My desolation at being written-off in this way was absolute. The powerlessness and sense of injustice stayed with me until very recently. We were not educated at my secondary modern. The girls learned how to be housewives. There were indeed some kindly teachers. One thought us worthy of sharing her delight in art, and a new music teacher gave me a love of Gilbert and Sullivan. But these were exceptions. Our French lessons were stopped because they were not for future mill workers.

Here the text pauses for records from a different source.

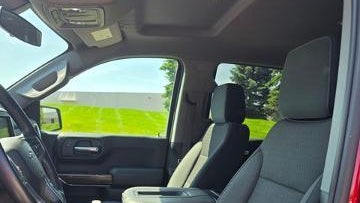 2022 Chevrolet Silverado 1500 Limited LT Trail Boss
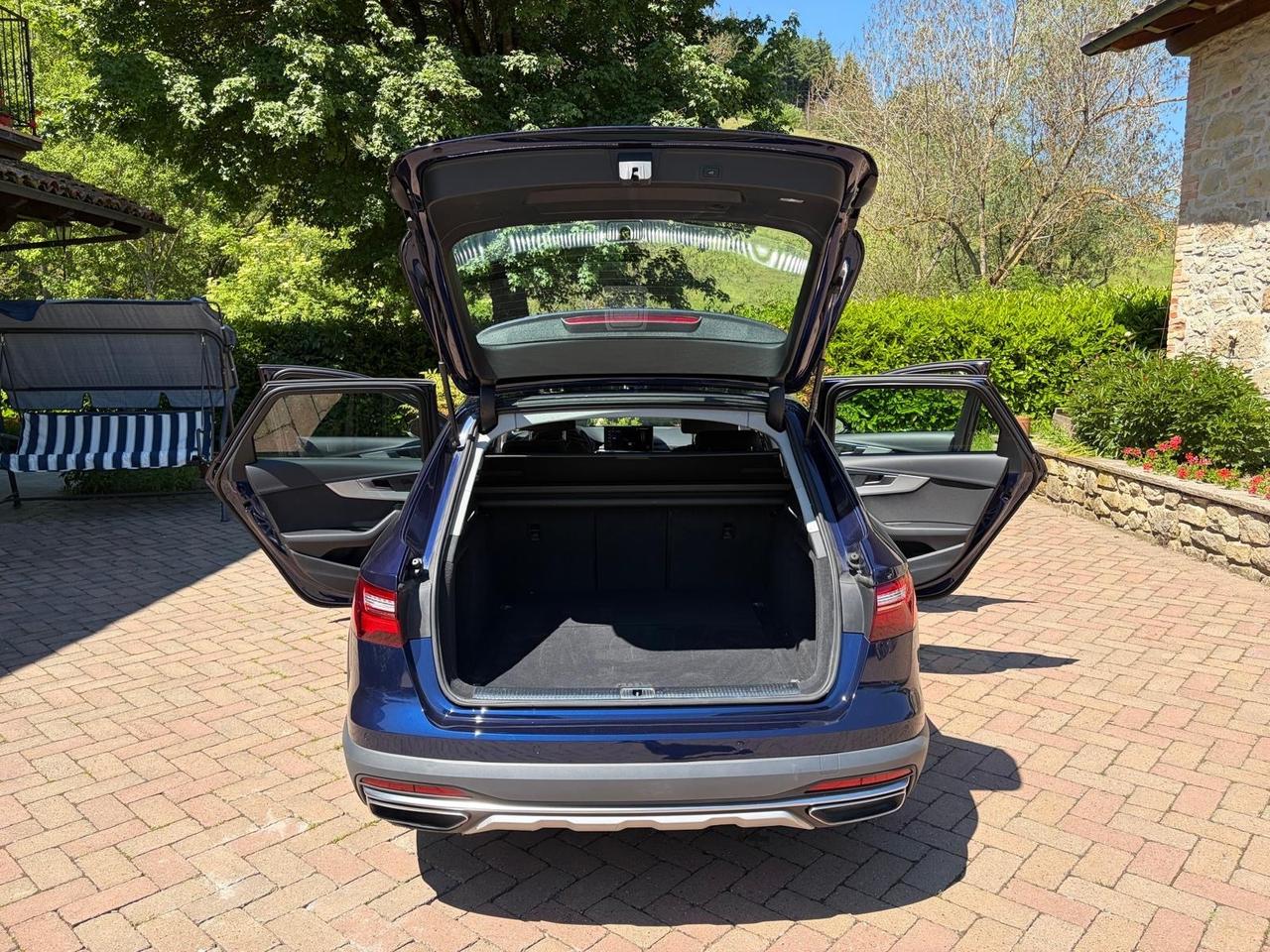 Audi A4 allroad 40 TDI 204 CV S tronic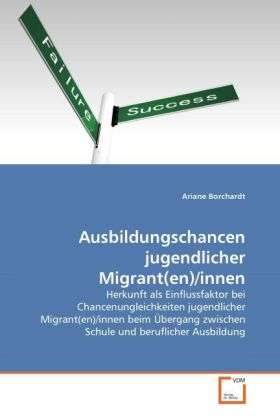 Cover for Borchardt · Ausbildungschancen jugendlich (Book)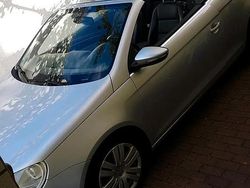 Silber Gebraucht 2008 VW Eos Cabrio | 6.200 € (Etwas zu teuer)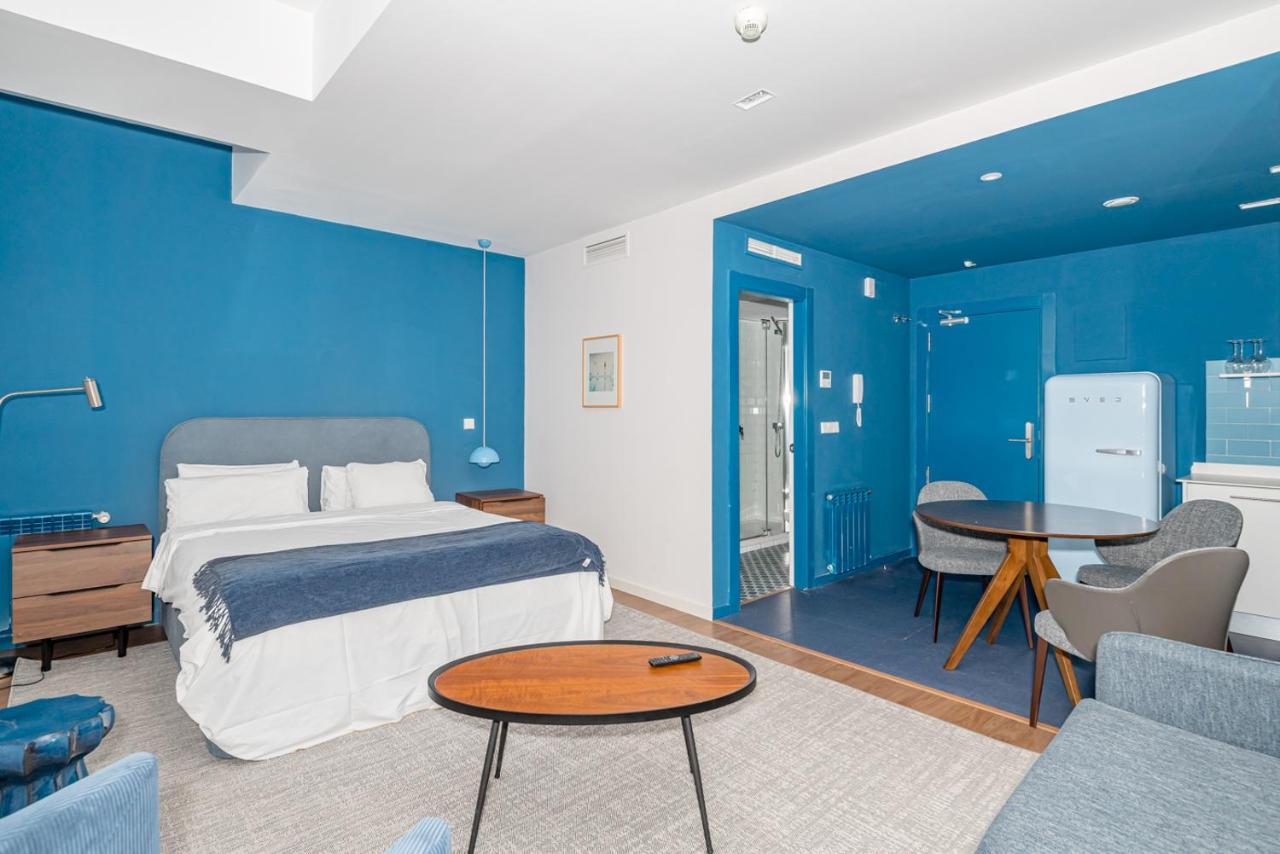 Home Art Apartments Salamanca Мадрид Экстерьер фото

The label of failure and the abundance of poor teaching put profound blocks in vulnerable minds. Most of the people with whom I went to school have still not got over it. I knew there were better things than this. My brother went to the grammar school and was to win an open exhibition to Cambridge. My bitterness deepened when I discovered that girls were deliberately disadvantaged by the 11-plus in order to keep the numbers going to grammar school evenly split by gender. My conviction that it was the system that was at fault and not me was vindicated when I got A grade after A grade for my A-levels. All that can be said for secondary moderns is: “Shame on the legislators who introduced them and shame on the councillors who allowed the already-privileged the lion’s share of education funding and condemned those of us from poor backgrounds to failure.”

Who knows what might have been had I also had been able to try for Oxbridge. Would I have become the head of an international corporation like my grammar-school brother or was it my destiny to work for quality development in schools, helping to raise the standards of education for all?